091008A - 大江健三郎簽書會

2009100810:00


 
1994年諾貝爾文學獎得主大江健三郎首度來台,距離他得獎己隔十五年。
2009年10月5日下午,大江健三郎偕同中國社會科學院外國文學研究所黨委書記、副所長、研究員、博士生導師陸建德博士,黨委副書記、所長、研究員、博士生導師陳眾議博士,所長助理、研究員、碩士生導師吳曉都碩士,研究員、博士生導師、所辦刊物《世界文學》主編余中先博士等4位所領導和研究員、博士生導師李永平 (德語文學)博士及兩位中國弟子莫言許金龍到達台灣,傍晚在南港中央研究院內向國際傳媒舉行了公開的記者會,大江發表談話並回答各國媒體提問。這是大江第一次訪問台灣,也是第二位訪台的諾貝爾文學獎日本得主,第一位是1970年時來訪的川端康成

10月6日和10月7日,「國際視野中的大江健三郎文學學術研討會」在台北市南港區中央研究院舉行,身為1994年諾貝爾文學獎得主的大江在會中發表專題演講、談話和論文講評並回答提問。會場並有來自德國、美國、日本等多國的嘉賓參與盛事。

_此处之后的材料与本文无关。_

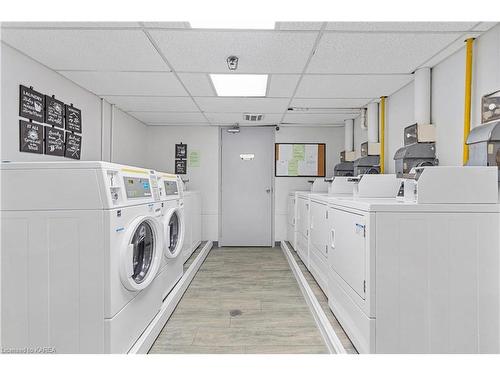 608-14 Greenview Drive, Kingston, ON - Indoor Photo Showing Laundry Room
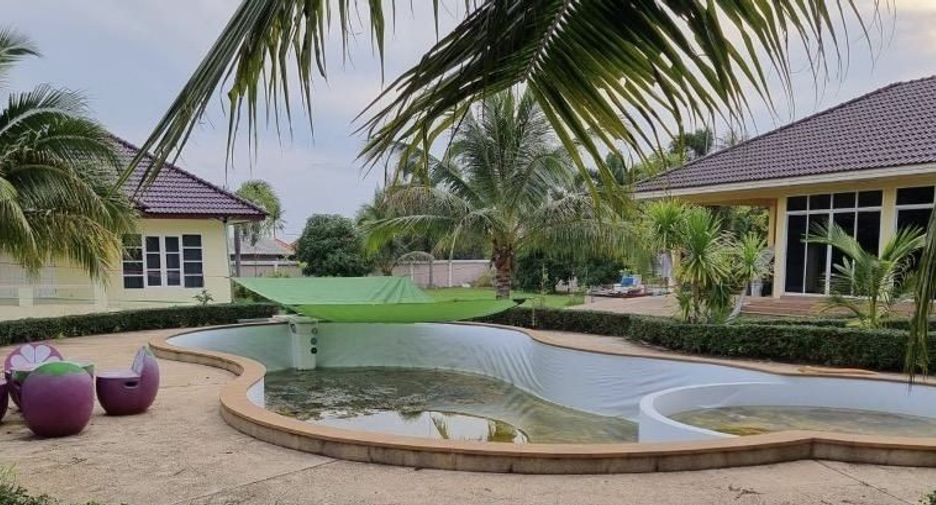 For sale 6 bedrooms villa in Pran Buri, Prachuap Khiri Khan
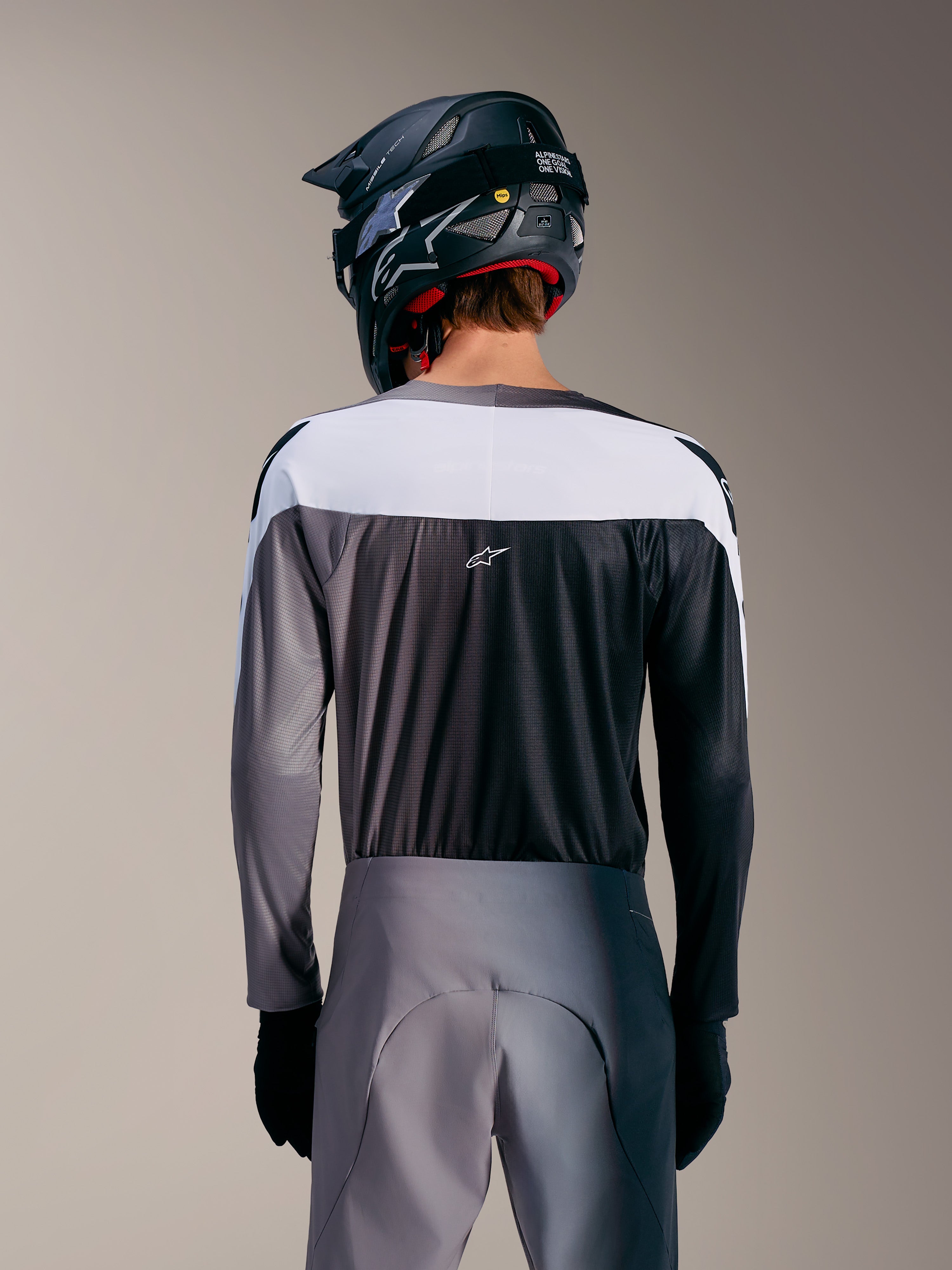 Maglia A-Supra Elite grigio sfumato, vista posteriore con pannello bianco, tessuto microperforato e logo ASTARS.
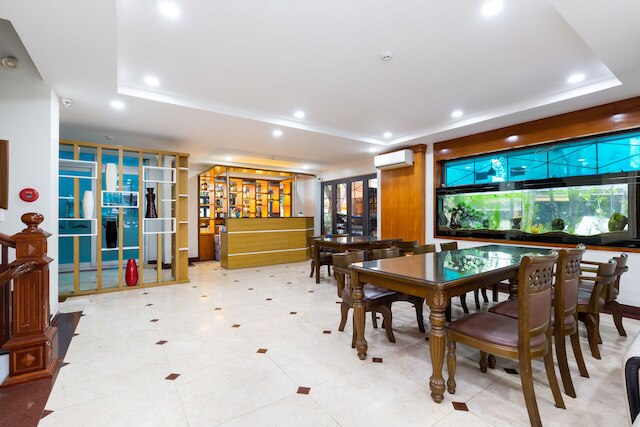 サニー ホテル アンド アパートメント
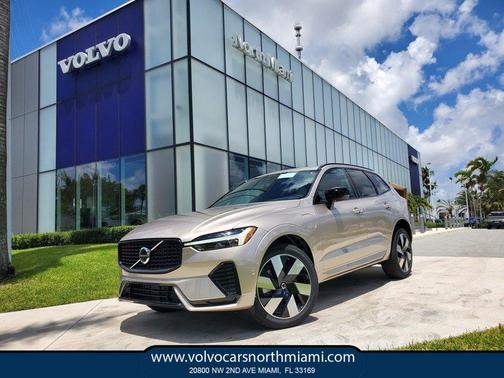 2025 Volvo XC60 Plug-In Hybrid T8 Plus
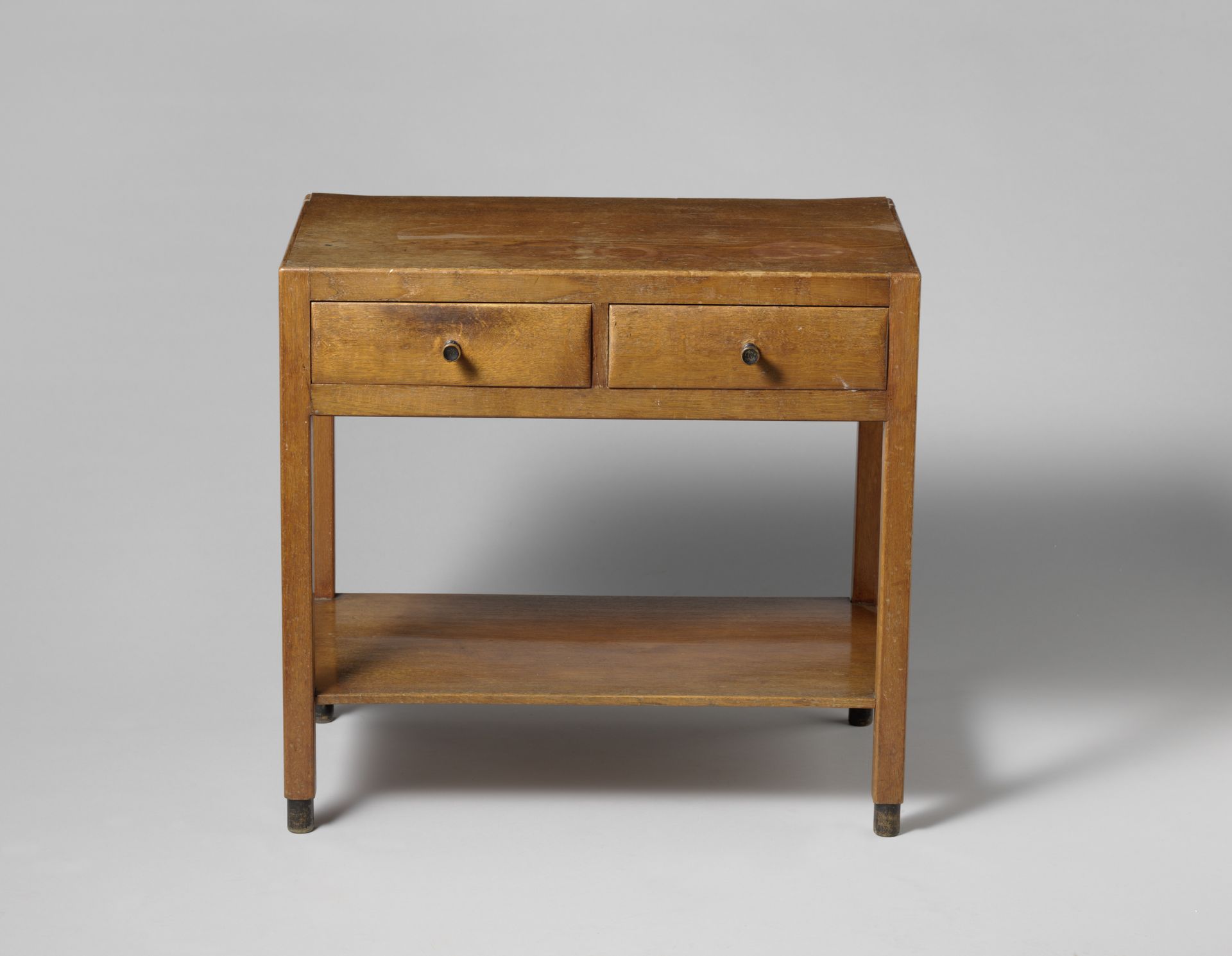 Tafel met een ladenblok en onderblad by Piet L. Kramer
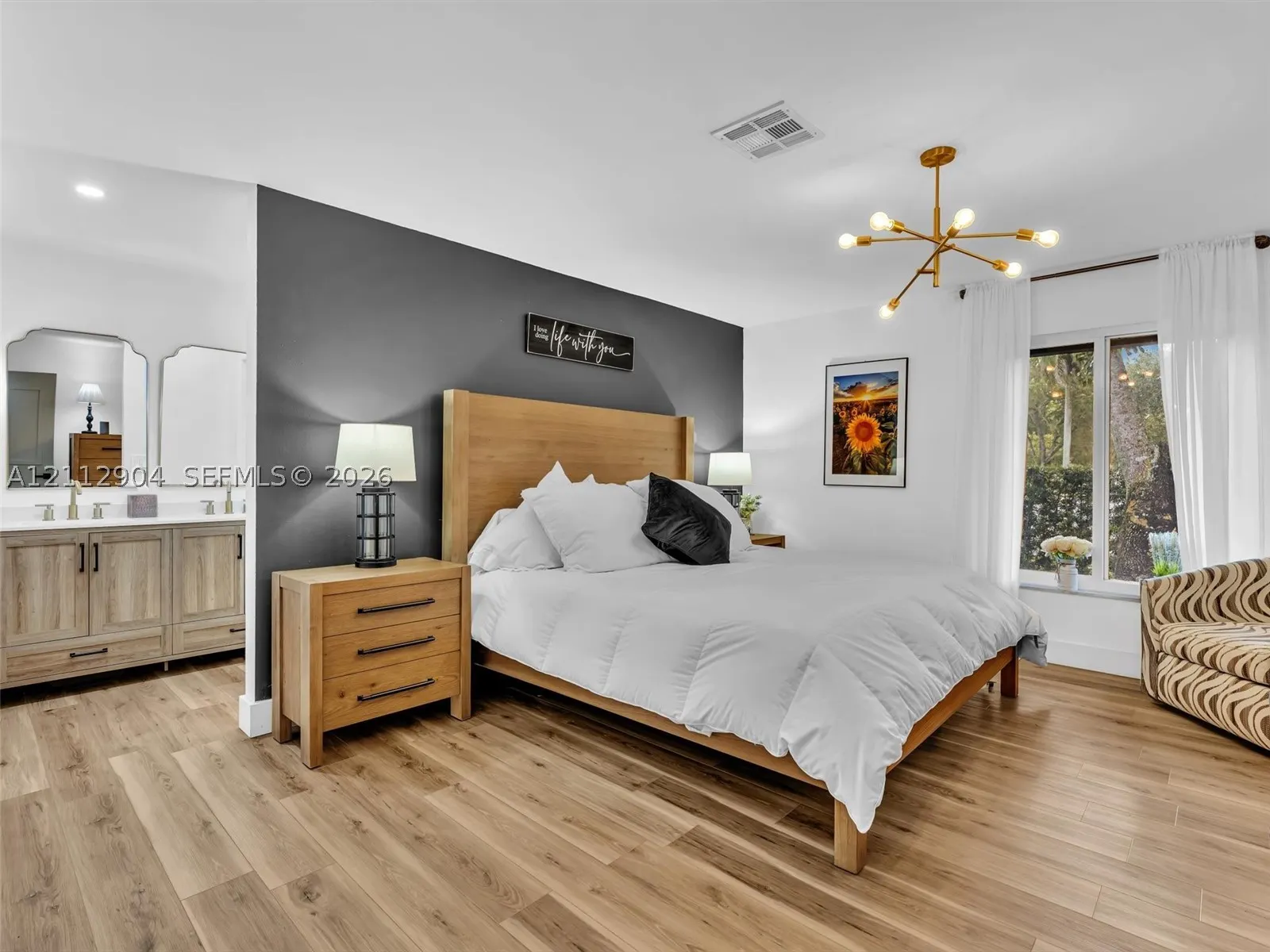 76 Forest Cir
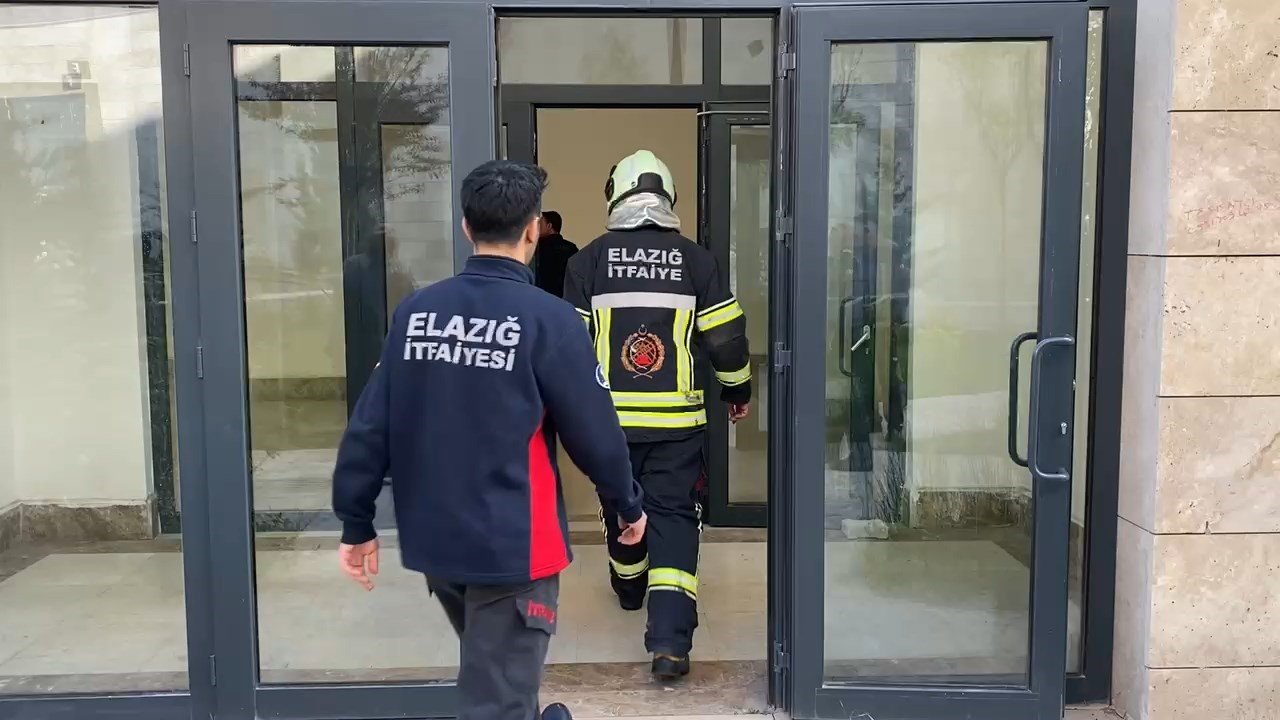 Elazığ’da Düdüklü Tencere Yangını, Ekipleri Harekete Geçirdi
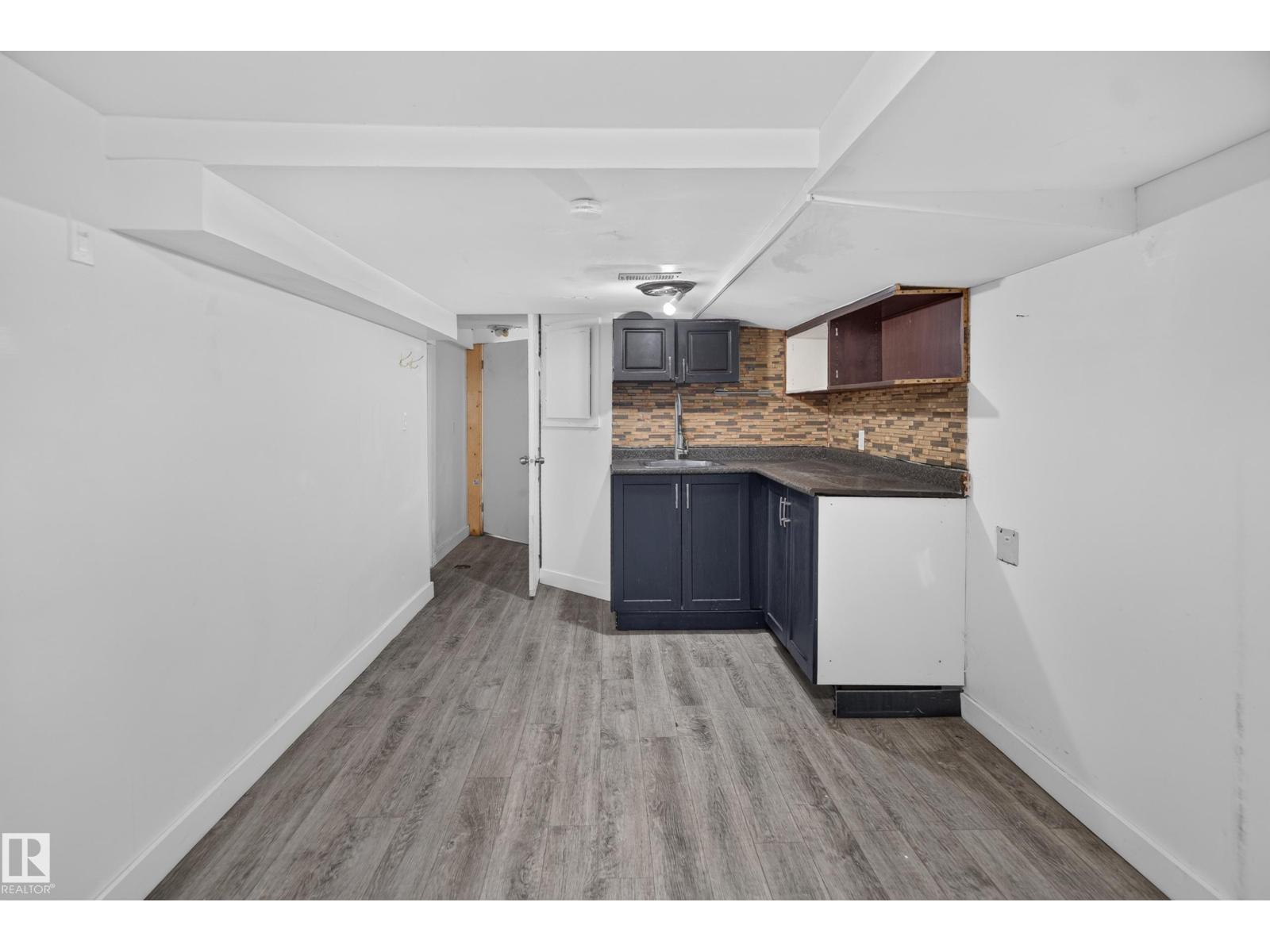 9124 119 Av Nw Property Photo 6
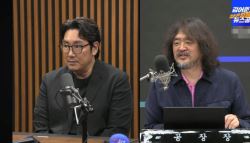 이상하다...김어준, '조진웅 소년범 논란' 속 2년 전 떠올려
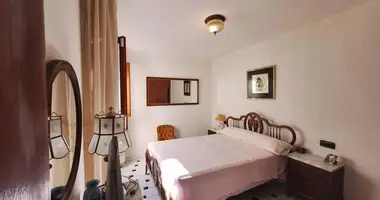 Mieszkanie 3 pokoi w Torrevieja, Hiszpania
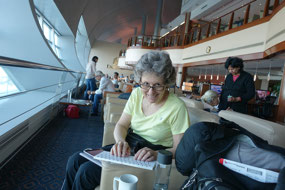 Blogging in one of the smaller Emirates lounges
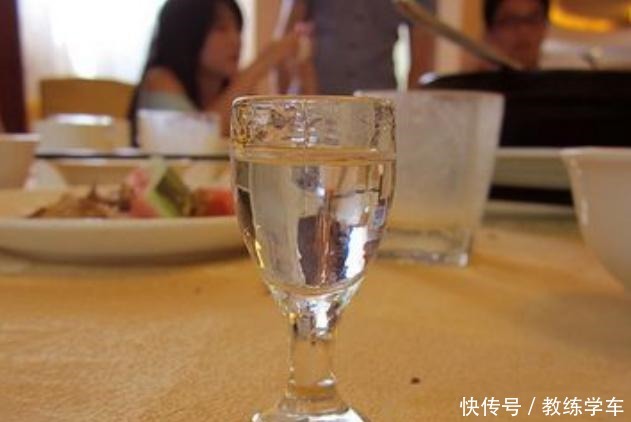 适合|好喝的酒不一定是最贵,3款酒适合朋友日常小聚,口感不比茅台差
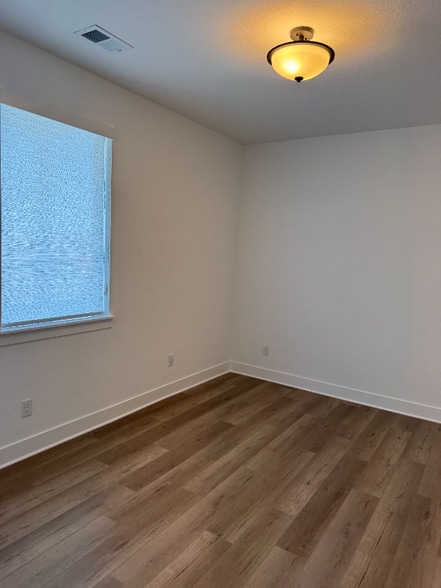 Building Photo - 640 Saddle Dr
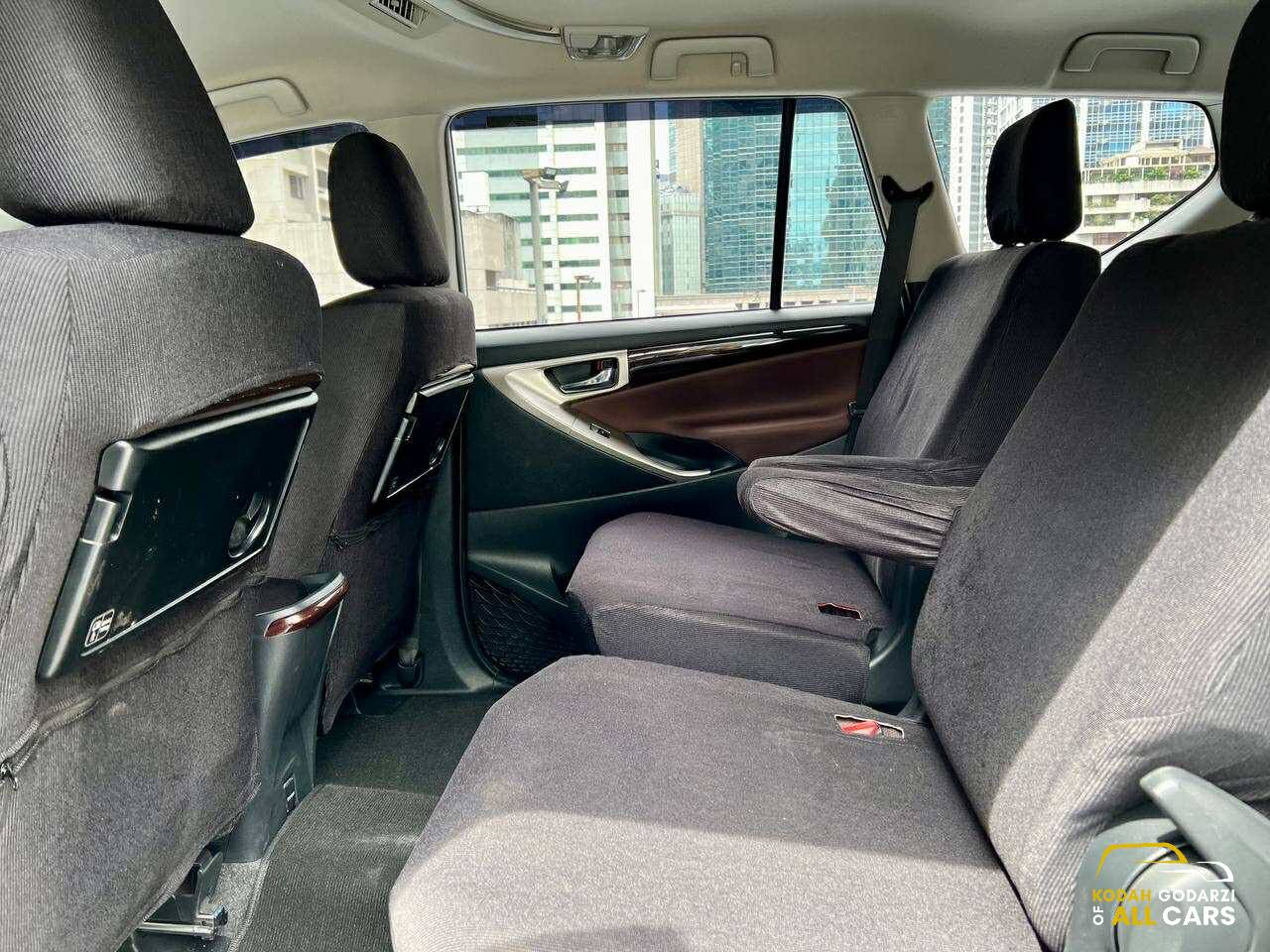 2022 Toyota Innova 2.8 V, Automatic, Diesel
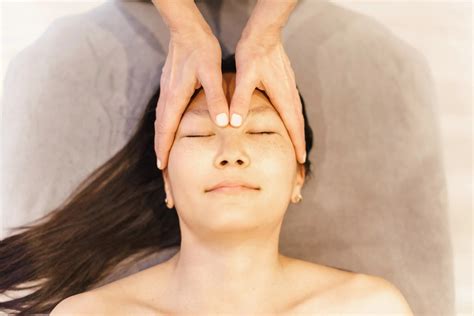 Naru Massage: The Ultimate Guide To Relaxation And Rejuvenation Image 10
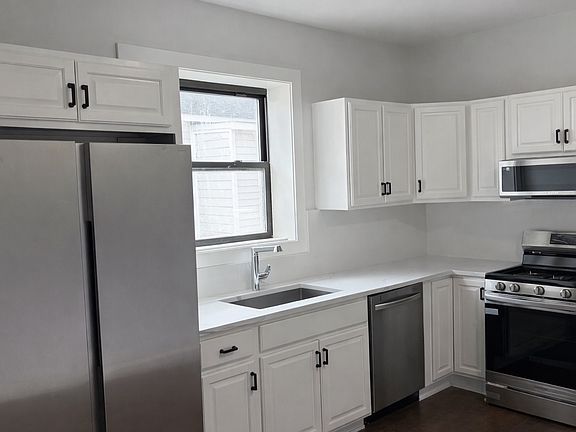 4th image of 2313 S Wolcott Ave Unit 1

10月8日誠品書店台北敦南店辦簽書會活動,大江與台灣日本文學研究者唐顥芸博士候選人、林水福博士陪同下參加簽書會,並發表談話和回答提問。這個答書會需要事先接受預約,有幸我事先以電子通訊報了名,趕上了有限名額兩百位讀書之內,而得以親見諾貝爾文學獎得主。真是高興极了。通常我對簽書會的興趣缺缺,且對需要排隊才能等到的活動都不熱衷。但這次大江健三郎來台的簽書會,卻滿心期待前往。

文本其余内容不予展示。